Start of DATASET CONTENT

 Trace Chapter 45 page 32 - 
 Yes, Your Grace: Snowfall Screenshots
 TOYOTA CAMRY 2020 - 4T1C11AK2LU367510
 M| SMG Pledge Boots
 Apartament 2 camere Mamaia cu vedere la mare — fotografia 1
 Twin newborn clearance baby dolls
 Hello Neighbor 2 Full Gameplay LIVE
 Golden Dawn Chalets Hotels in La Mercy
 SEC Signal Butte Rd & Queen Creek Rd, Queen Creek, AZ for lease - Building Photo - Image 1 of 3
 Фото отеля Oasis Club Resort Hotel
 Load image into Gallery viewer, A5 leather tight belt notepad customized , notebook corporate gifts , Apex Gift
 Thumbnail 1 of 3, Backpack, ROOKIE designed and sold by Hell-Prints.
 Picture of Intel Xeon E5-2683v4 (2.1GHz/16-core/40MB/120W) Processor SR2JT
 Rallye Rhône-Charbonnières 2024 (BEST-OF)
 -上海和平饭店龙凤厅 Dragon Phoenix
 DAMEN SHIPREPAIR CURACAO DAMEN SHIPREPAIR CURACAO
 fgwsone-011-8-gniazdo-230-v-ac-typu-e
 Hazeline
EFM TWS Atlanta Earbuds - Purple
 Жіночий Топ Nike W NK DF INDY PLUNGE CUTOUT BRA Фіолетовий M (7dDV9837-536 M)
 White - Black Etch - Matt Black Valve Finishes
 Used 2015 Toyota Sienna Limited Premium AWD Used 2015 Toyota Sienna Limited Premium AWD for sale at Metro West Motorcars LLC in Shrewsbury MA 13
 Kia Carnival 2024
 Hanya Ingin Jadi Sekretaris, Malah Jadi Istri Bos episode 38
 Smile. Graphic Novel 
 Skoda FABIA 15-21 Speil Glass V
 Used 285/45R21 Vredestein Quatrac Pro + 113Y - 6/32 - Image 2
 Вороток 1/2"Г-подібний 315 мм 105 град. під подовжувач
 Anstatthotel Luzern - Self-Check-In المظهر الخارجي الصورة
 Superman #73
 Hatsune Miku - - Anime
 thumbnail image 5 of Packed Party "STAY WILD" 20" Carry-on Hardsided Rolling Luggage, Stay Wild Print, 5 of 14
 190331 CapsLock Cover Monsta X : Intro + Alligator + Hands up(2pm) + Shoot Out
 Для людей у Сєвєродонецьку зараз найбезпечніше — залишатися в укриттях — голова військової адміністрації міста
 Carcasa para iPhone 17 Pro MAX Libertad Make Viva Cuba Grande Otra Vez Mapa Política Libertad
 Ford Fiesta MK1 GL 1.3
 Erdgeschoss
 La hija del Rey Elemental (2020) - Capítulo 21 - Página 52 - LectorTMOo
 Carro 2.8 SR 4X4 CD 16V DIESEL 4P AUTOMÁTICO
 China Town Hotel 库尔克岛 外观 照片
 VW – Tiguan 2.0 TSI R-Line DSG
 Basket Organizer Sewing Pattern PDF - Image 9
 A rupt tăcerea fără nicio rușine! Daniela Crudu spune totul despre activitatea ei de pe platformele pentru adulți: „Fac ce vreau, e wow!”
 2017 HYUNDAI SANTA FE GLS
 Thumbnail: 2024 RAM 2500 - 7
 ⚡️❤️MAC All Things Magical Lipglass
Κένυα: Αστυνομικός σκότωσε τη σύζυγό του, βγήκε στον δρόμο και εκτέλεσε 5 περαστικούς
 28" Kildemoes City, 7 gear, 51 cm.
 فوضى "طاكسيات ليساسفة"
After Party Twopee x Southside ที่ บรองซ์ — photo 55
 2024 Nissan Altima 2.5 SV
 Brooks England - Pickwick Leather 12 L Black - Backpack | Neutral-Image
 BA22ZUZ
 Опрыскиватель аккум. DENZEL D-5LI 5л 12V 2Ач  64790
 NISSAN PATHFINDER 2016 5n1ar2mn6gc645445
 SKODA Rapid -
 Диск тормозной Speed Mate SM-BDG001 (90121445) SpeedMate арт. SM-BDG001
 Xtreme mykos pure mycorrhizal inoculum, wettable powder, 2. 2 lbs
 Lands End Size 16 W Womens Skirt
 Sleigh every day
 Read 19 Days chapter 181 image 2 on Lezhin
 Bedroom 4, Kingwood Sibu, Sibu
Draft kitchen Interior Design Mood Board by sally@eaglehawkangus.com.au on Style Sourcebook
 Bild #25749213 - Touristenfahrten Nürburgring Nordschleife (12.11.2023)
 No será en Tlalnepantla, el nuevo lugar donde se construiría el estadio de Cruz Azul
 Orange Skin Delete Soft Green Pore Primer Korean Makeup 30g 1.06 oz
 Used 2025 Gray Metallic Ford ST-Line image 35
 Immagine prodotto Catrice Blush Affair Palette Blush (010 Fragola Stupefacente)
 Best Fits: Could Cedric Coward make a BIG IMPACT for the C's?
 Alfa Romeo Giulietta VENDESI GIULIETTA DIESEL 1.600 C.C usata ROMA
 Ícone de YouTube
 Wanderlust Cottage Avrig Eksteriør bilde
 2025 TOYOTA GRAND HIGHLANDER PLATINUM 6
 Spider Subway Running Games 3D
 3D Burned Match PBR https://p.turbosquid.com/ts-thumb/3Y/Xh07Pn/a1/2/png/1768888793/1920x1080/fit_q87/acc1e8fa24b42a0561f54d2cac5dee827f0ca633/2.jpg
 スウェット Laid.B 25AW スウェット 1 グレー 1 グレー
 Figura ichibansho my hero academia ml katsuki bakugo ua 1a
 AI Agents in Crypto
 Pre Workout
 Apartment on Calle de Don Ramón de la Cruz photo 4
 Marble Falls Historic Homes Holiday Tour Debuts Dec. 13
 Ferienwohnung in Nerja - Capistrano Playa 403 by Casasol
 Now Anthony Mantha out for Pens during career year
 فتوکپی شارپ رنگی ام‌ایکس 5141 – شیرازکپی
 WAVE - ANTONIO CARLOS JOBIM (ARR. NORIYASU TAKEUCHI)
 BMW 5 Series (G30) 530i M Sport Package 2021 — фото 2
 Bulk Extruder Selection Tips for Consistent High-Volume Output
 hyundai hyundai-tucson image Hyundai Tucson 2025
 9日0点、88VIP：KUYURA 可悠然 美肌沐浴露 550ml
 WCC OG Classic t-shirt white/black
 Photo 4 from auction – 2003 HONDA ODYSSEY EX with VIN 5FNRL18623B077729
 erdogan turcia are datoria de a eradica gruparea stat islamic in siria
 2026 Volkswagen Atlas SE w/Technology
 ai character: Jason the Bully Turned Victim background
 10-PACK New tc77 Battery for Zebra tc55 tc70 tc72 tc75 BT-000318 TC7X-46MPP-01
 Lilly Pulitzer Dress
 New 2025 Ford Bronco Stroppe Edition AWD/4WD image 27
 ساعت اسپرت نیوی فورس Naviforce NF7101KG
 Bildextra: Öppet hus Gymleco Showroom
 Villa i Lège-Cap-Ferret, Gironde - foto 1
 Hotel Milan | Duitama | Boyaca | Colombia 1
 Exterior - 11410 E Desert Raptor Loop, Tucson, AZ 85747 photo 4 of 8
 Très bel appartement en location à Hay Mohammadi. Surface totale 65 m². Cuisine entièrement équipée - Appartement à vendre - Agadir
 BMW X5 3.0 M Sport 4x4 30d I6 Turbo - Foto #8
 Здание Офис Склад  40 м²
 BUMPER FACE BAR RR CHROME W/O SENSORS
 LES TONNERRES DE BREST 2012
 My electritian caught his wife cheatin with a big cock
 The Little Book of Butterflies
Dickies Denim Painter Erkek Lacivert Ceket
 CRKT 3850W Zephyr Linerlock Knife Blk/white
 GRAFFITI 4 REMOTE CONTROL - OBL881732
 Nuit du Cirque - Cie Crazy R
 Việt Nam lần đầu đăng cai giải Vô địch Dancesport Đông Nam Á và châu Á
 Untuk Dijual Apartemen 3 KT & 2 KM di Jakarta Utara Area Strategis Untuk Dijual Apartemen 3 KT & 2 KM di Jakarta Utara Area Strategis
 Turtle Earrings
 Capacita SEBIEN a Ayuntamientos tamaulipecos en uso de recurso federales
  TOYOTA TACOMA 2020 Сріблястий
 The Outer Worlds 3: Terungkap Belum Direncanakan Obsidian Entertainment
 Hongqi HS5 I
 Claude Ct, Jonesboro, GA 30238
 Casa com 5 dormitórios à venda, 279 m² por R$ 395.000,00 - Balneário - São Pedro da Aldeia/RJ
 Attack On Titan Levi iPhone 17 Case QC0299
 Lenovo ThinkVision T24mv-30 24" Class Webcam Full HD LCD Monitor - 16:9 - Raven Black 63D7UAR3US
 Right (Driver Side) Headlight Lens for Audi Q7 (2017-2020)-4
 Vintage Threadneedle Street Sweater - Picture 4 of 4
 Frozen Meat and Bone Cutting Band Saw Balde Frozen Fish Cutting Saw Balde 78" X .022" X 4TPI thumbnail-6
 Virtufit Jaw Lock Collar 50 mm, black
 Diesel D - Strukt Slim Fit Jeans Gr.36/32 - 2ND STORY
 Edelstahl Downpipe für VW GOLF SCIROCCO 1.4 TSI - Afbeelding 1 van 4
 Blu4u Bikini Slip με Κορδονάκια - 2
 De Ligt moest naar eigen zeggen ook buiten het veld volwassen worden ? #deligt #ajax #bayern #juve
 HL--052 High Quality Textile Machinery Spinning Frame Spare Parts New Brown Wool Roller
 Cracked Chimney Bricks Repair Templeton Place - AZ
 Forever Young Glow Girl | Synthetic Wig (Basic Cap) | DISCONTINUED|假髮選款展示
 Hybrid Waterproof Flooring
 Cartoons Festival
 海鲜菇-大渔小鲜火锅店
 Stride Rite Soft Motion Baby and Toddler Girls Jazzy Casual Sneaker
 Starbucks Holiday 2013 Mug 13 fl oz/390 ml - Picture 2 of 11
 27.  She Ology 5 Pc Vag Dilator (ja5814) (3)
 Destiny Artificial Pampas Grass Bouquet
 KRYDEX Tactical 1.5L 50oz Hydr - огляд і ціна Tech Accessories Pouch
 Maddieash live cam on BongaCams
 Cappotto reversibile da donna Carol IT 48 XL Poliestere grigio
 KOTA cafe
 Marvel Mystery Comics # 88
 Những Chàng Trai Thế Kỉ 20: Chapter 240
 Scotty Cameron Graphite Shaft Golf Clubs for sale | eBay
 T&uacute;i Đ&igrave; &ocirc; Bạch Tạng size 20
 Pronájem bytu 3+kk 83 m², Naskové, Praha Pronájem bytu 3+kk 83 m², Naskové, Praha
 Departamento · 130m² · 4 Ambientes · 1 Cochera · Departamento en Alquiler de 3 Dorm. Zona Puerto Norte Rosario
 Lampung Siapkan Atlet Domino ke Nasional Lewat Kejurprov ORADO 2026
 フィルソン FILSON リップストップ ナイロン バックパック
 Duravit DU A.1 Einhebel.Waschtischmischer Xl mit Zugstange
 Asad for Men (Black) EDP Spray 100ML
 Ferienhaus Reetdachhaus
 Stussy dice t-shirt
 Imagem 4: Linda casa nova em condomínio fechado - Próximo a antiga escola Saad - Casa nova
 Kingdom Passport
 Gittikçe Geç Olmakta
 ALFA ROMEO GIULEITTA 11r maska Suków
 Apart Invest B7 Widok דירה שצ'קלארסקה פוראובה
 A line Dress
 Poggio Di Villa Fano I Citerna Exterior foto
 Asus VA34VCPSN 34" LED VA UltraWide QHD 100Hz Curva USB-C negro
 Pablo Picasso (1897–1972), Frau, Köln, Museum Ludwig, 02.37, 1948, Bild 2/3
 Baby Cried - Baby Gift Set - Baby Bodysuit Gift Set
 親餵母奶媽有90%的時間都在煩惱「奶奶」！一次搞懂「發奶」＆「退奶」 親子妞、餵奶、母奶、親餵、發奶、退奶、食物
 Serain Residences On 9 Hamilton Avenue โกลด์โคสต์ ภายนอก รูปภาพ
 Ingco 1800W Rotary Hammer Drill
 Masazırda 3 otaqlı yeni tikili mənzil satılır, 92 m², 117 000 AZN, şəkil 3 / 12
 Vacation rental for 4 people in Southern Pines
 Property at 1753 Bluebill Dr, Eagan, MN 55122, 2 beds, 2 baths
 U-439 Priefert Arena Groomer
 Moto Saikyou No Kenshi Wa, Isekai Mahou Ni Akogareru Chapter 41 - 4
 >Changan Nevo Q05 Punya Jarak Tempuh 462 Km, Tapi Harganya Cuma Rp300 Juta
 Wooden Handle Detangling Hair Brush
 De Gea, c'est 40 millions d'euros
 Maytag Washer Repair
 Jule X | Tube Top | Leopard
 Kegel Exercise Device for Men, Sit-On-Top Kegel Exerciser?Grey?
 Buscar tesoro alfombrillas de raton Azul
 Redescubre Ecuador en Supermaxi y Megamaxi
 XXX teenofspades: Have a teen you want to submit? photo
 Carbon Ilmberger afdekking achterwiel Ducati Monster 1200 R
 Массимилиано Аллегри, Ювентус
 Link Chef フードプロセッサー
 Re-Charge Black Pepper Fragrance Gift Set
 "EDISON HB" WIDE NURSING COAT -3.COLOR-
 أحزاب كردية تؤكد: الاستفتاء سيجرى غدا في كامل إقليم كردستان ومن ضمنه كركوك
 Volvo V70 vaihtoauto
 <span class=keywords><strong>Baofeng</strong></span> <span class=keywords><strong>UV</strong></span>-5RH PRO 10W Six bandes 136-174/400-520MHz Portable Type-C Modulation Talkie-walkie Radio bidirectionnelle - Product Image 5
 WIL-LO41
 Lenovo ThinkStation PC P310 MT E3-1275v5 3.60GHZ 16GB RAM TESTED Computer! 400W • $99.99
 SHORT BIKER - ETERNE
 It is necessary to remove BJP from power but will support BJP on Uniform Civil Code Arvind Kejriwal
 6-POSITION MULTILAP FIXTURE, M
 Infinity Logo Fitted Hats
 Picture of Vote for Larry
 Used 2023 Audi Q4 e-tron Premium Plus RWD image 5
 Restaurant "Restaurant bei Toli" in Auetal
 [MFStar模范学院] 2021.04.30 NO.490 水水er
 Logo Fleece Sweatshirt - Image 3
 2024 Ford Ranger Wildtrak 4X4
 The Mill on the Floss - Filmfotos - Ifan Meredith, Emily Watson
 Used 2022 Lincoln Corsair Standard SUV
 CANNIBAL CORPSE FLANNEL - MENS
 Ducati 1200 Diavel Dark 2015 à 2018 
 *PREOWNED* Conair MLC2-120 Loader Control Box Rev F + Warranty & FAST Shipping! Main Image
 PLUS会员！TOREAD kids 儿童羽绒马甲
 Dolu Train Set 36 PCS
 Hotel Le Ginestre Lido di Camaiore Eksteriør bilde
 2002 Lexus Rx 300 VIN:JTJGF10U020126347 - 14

End of DATASET CONTENT

**THE TASK**
In the records above, find the line with "Maytag Washer Repair"; write out exactly that line and each one after it, stopping after the line with "SHORT BIKER - ETERNE".

**REPLY TO THE TASK**
 Maytag Washer Repair
 Jule X | Tube Top | Leopard
 Kegel Exercise Device for Men, Sit-On-Top Kegel Exerciser?Grey?
 Buscar tesoro alfombrillas de raton Azul
 Redescubre Ecuador en Supermaxi y Megamaxi
 XXX teenofspades: Have a teen you want to submit? photo
 Carbon Ilmberger afdekking achterwiel Ducati Monster 1200 R
 Массимилиано Аллегри, Ювентус
 Link Chef フードプロセッサー
 Re-Charge Black Pepper Fragrance Gift Set
 "EDISON HB" WIDE NURSING COAT -3.COLOR-
 أحزاب كردية تؤكد: الاستفتاء سيجرى غدا في كامل إقليم كردستان ومن ضمنه كركوك
 Volvo V70 vaihtoauto
 <span class=keywords><strong>Baofeng</strong></span> <span class=keywords><strong>UV</strong></span>-5RH PRO 10W Six bandes 136-174/400-520MHz Portable Type-C Modulation Talkie-walkie Radio bidirectionnelle - Product Image 5
 WIL-LO41
 Lenovo ThinkStation PC P310 MT E3-1275v5 3.60GHZ 16GB RAM TESTED Computer! 400W • $99.99
 SHORT BIKER - ETERNE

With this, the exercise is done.